Major Obamacare Provision Delayed: CBS News: “The delay of a key provision in President Obama's health-care law is being called a major setback for the president's signature issue. The controversial provision that requires companies with more than 50 employees to provide coverage or face fines is being delayed by a year. The rule is now on hold until 2015 - after the 2014 midterm elections... The concerns that the health-care law was going to hurt workers and the economy were widespread. Some small business owners said they would lay off workers so they had less than the 50 employees that brought them under the new law.”

US Postal Service Documents Every Piece of Mail: New York Times: “The Mail Isolation Control and Tracking program was created after the anthrax attacks in late 2001 that killed five people, including two postal workers. Highly secret, it seeped into public view last month when the F.B.I. cited it in its investigation of ricin-laced letters sent to President Obama and Mayor Michael R. Bloomberg. It enables the Postal Service to retroactively track mail correspondence at the request of law enforcement. No one disputes that it is sweeping. ‘In the past, mail covers were used when you had a reason to suspect someone of a crime,’ said Mark D. Rasch, the former director of the Justice Department’s computer crime unit, who worked on several fraud cases using mail covers. 'Now it seems to be ‘Let’s record everyone’s mail so in the future we might go back and see who you were communicating with.’ Essentially you’ve added mail covers on millions of Americans.’”

Assange's Hideout Bugged: Reuters: “Ecuador has found a hidden microphone inside its London embassy, where WikiLeaks founder Julian Assange is living, and will disclose on Wednesday who controls the device, its foreign minister said.

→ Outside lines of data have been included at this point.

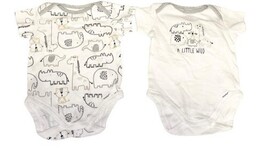 Gerber Baby Onesies Lot of 5 Size 0–3 Months Neutral NWOT Short Sleeve Cotton image 4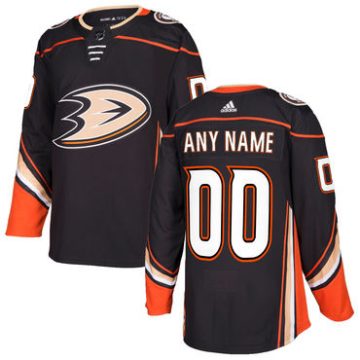 Custom Anaheim Ducks Black 2017 2018 NHL Jersey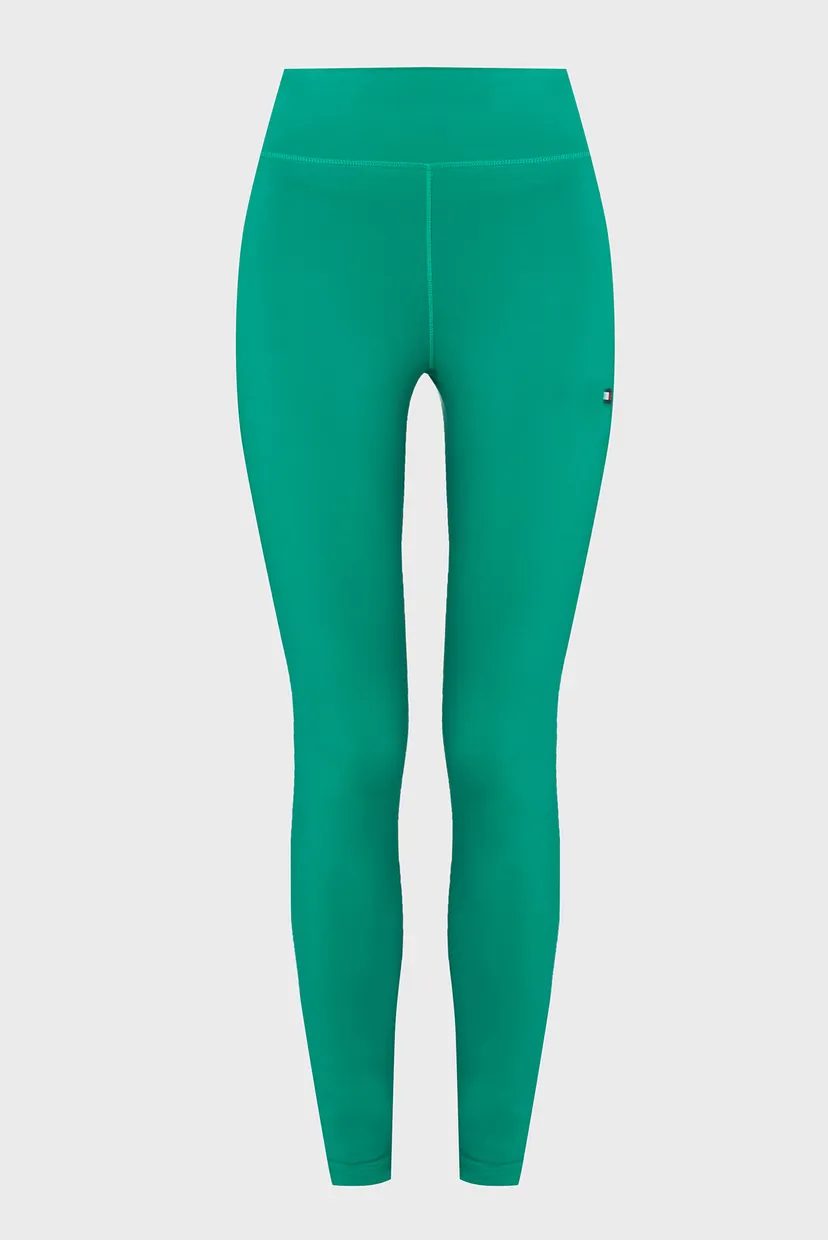 Жіночі зелені легінси ESSENTIALS RW FLAG LEGGING 7/8 5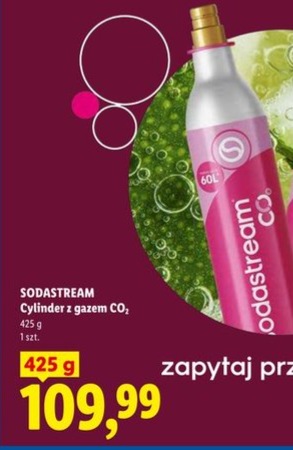 cylinder z gazem CO2
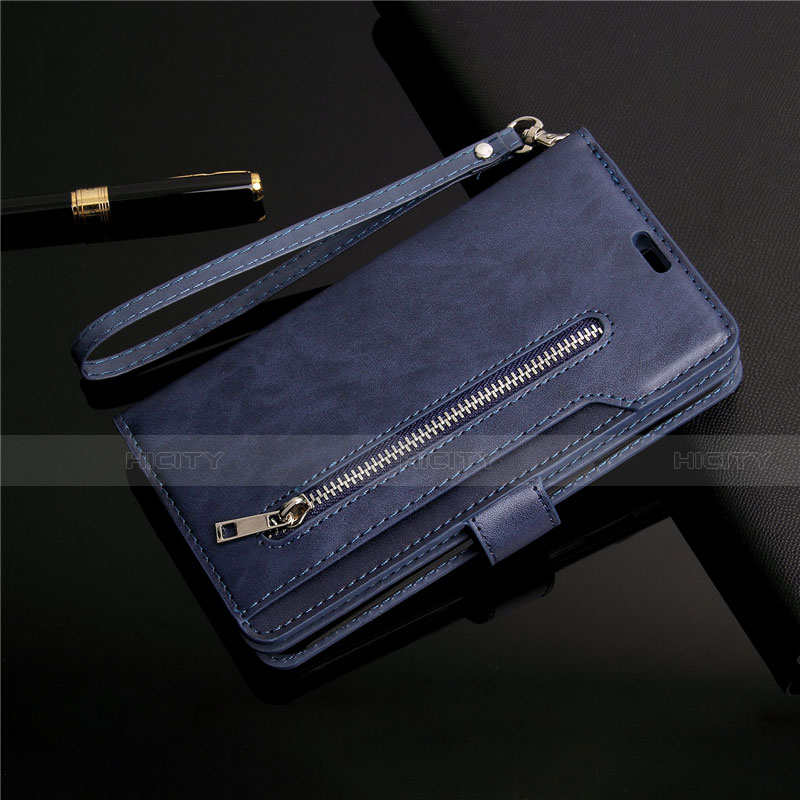 Funda de Cuero Cartera con Soporte Carcasa L03 para Samsung Galaxy S20 Plus Azul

Ricardo Patino said the microphone was found inside the office of the Ecuadorean ambassador to the United Kingdom, Ana Alban, at the time of a visit to the embassy by Patino to meet with Assange on June 16. Assange lives and works in a different room within the embassy.”

Turkish Court Rules on Taksim: BBC: “A Turkish court has ruled against an Istanbul construction project that triggered nationwide unrest, it has been revealed. The plan to redevelop Taksim Square was blocked by the court in a ruling made on 8 June - as anti-government protests raged. It is unclear why the ruling has only now been released.”

No More Tuition, Student Loans in Oregon? New York Times: “This week, the Oregon Legislature approved a plan that could allow students to attend state colleges without paying tuition or taking out traditional loans. Instead, they would commit a small percentage of their future incomes to repaying the state; those who earn very little would pay very little. The proposal faces a series of procedural and practical hurdles and will not go into effect for at least a few years, but it could point to a new direction in the long-running debate over how to cope with the rising cost of higher education. While the approach has been used in Australia, national education groups say they do not know of any university in the United States trying it.”

Cleveland Captor Fit to Stand Trial: NBC News: “The Cleveland man who allegedly kidnapped and held captive three women in his basement for more than a decade has been deemed mentally fit to stand trial. A judge said during a hearing Wednesday morning that an examination found that 52-year-old Ariel Castro is mentally able to understand the charges and assist attorneys in his defense. Castro has pleaded not guilty to a 329 count indictment that includes multiple kidnapping and rape charges. He's being held on an $8 million bond.”

Texas Abortion Bill Advances: BBC: “Contentious Texas anti-abortion legislation previously blocked by a marathon delaying speech has advanced amid vigorous demonstrations. A state House committee passed the bill after Republicans limited testimony and refused to allow Democrats' amendments… The legislation is widely expected to pass both houses of the Republican-controlled legislature and become law.”